# INFORMATION PROVIDED

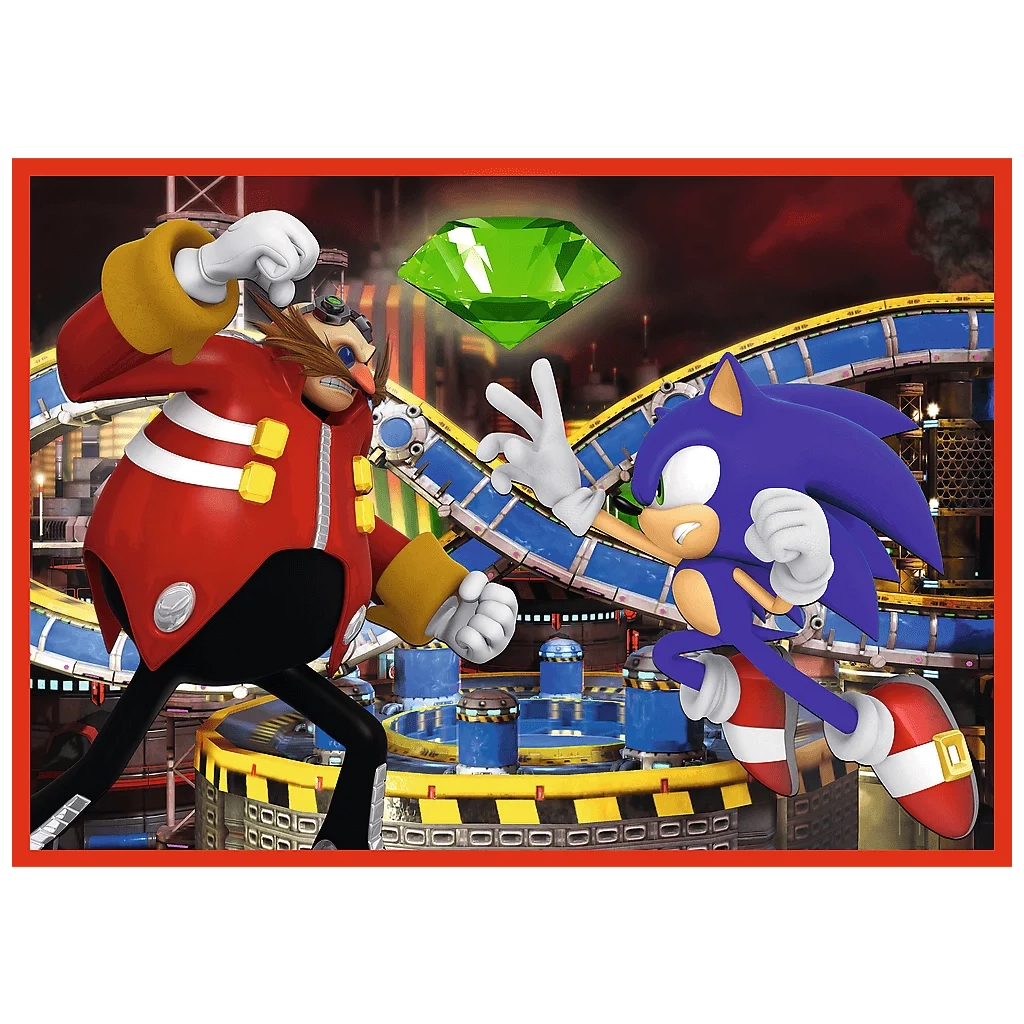 Пазл Trefl Sonic Пригоди Соніка 4 in 1 (35, 48, 54, 70) елемента (5900511346251) - зображення 5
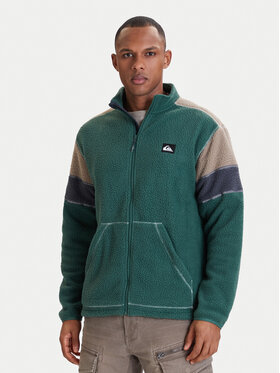 Quiksilver Quiksilver Fliso džemperis Clean Coast Block EQYPF03065 Žalia Loose Fit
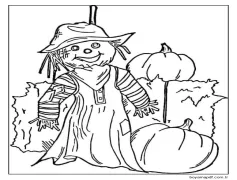 Ücretsiz Yazdırılabilir Korkuluk Boyama Sayfası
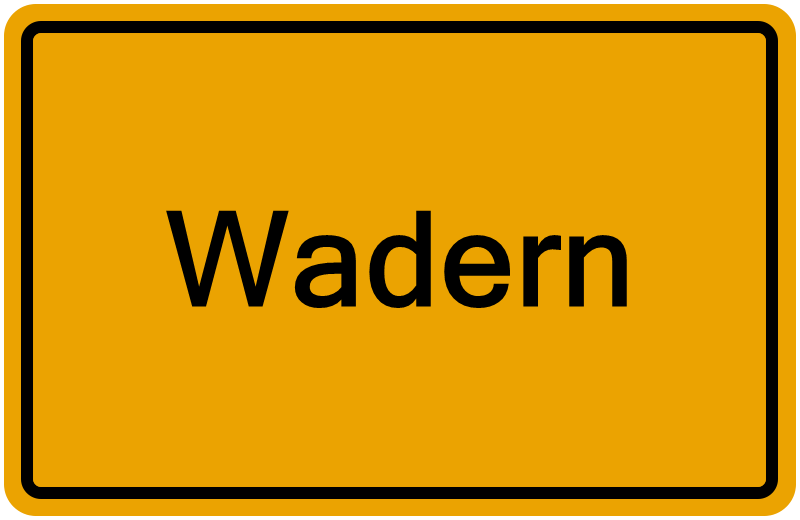 Handelsregisterauszug Wadern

# WORK INSTRUCTIONS
Reproduce the data above word for word, but leave the images out.

# RESULT OF THIS TASK
 Пазл Trefl Sonic Пригоди Соніка 4 in 1 (35, 48, 54, 70) елемента (5900511346251) - зображення 5
 Quiksilver Quiksilver Fliso džemperis Clean Coast Block EQYPF03065 Žalia Loose Fit
 Ücretsiz Yazdırılabilir Korkuluk Boyama Sayfası
 Handelsregisterauszug Wadern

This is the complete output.